======== Data excerpts

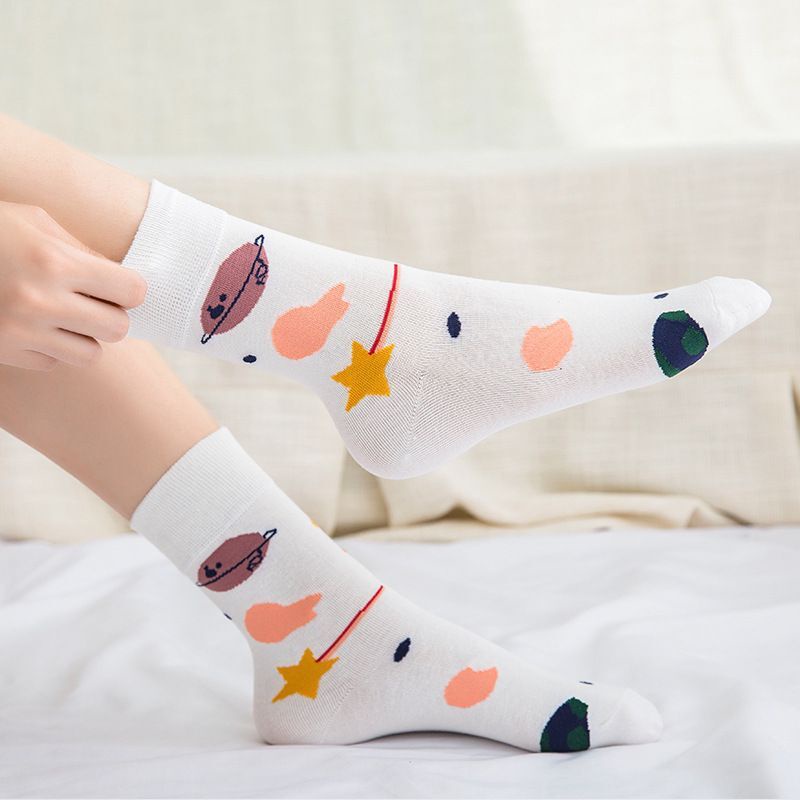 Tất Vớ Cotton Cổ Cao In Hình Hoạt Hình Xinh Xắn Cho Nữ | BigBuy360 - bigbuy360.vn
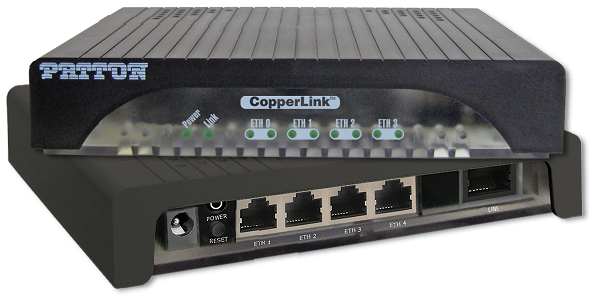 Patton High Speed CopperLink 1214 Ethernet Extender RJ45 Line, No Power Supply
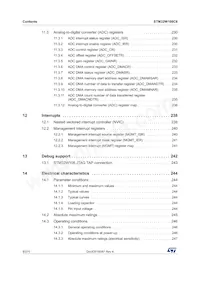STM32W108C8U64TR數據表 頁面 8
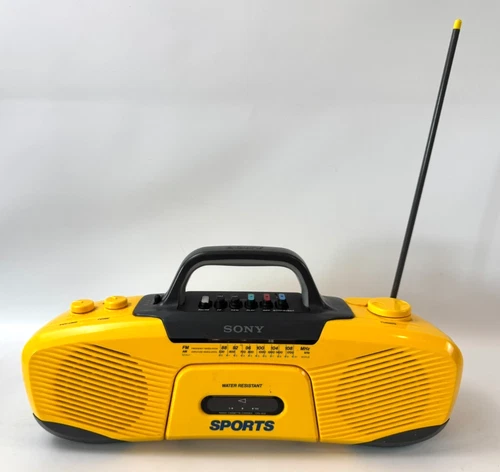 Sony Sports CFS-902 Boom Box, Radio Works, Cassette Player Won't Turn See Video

================
======== Data excerpts

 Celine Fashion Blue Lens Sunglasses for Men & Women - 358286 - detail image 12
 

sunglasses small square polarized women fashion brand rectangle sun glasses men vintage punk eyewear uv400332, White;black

================
======== Data excerpts

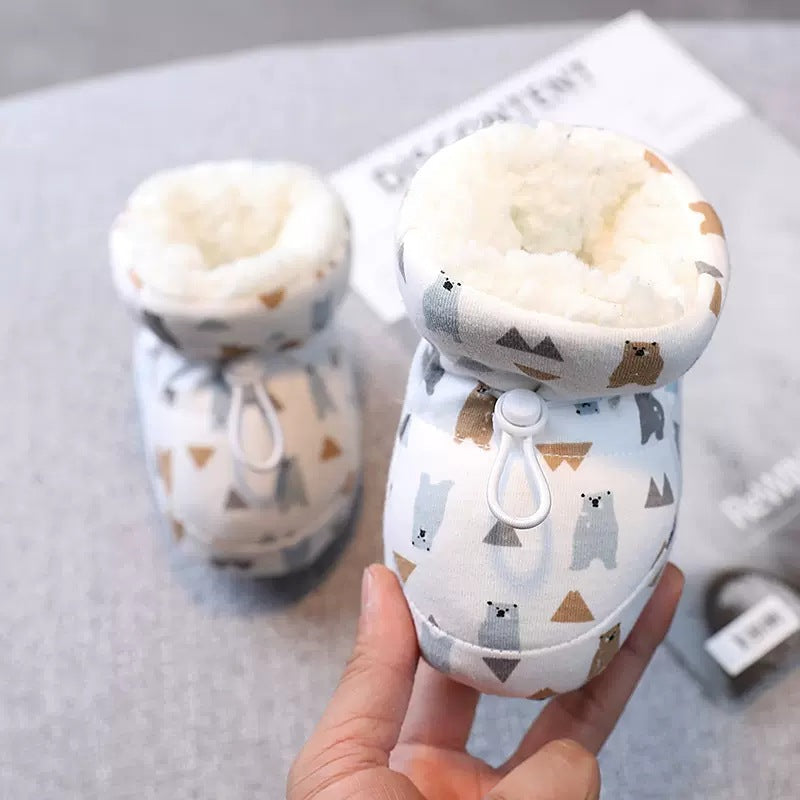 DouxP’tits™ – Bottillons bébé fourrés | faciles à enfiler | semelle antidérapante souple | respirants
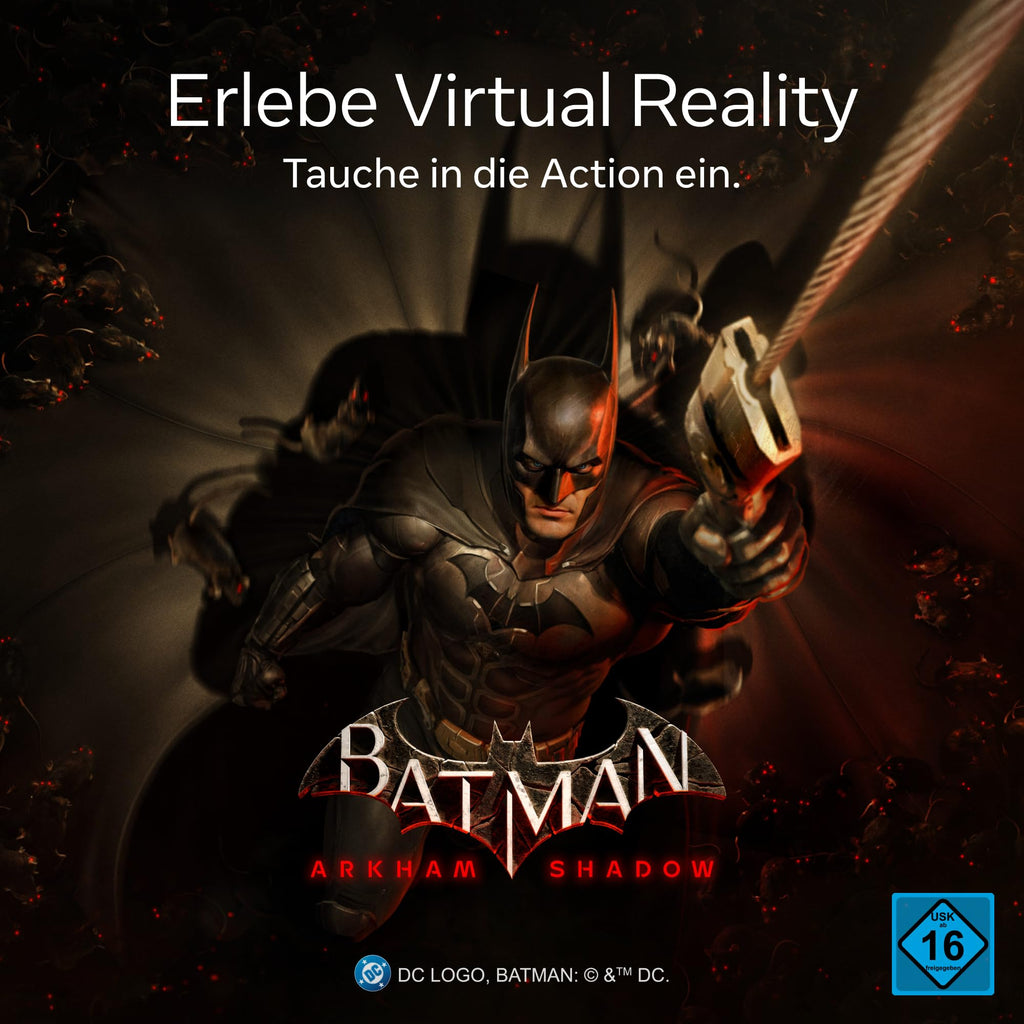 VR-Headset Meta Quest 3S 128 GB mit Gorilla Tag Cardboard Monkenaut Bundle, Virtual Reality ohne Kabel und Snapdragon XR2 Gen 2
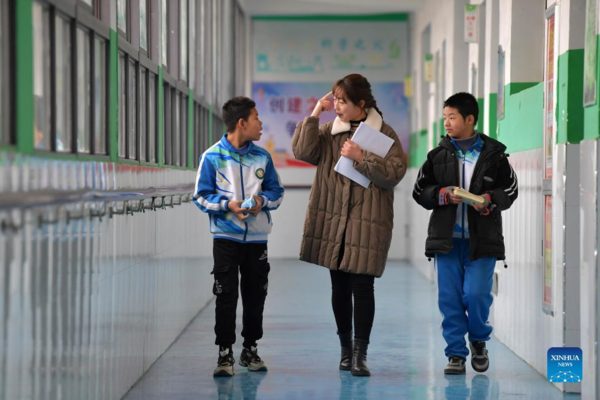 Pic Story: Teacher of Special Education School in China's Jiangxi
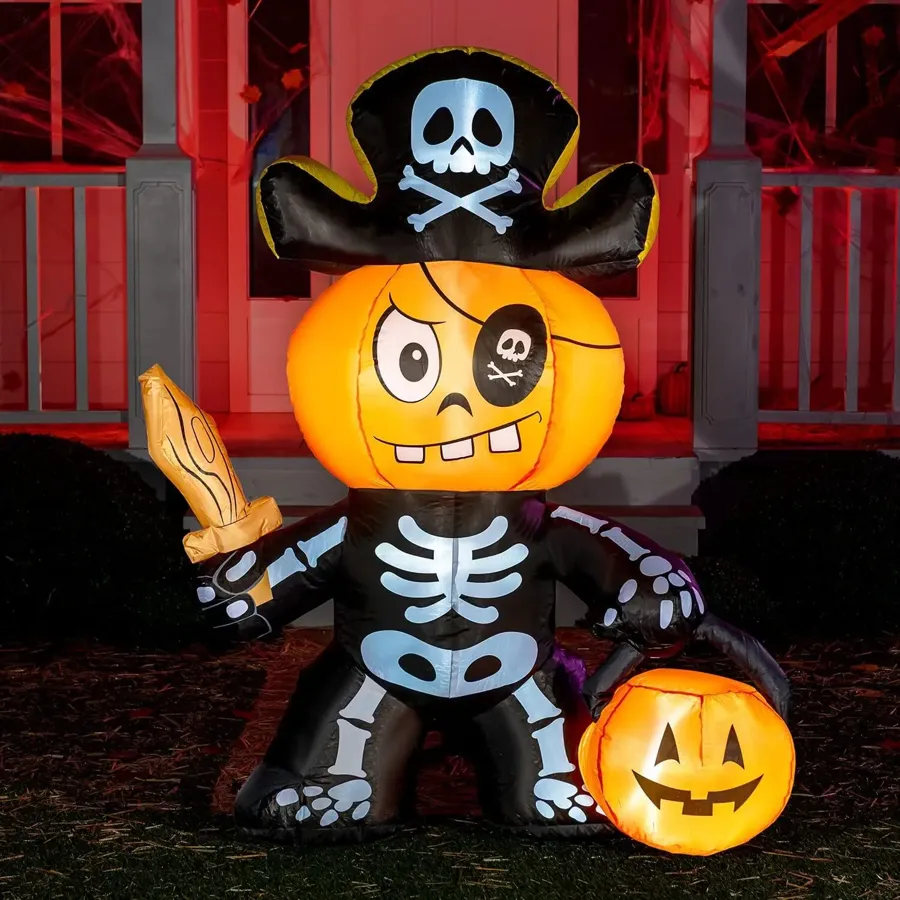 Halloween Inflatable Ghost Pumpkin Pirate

================

# Work order:
Please print the lines above word for word, starting at the one with "Patton High Speed" and ending at the one with "Sony Sports CFS-902", both included, and without any picture.

# Task result:
 Patton High Speed CopperLink 1214 Ethernet Extender RJ45 Line, No Power Supply
STM32W108C8U64TR數據表 頁面 8
 Sony Sports CFS-902 Boom Box, Radio Works, Cassette Player Won't Turn See Video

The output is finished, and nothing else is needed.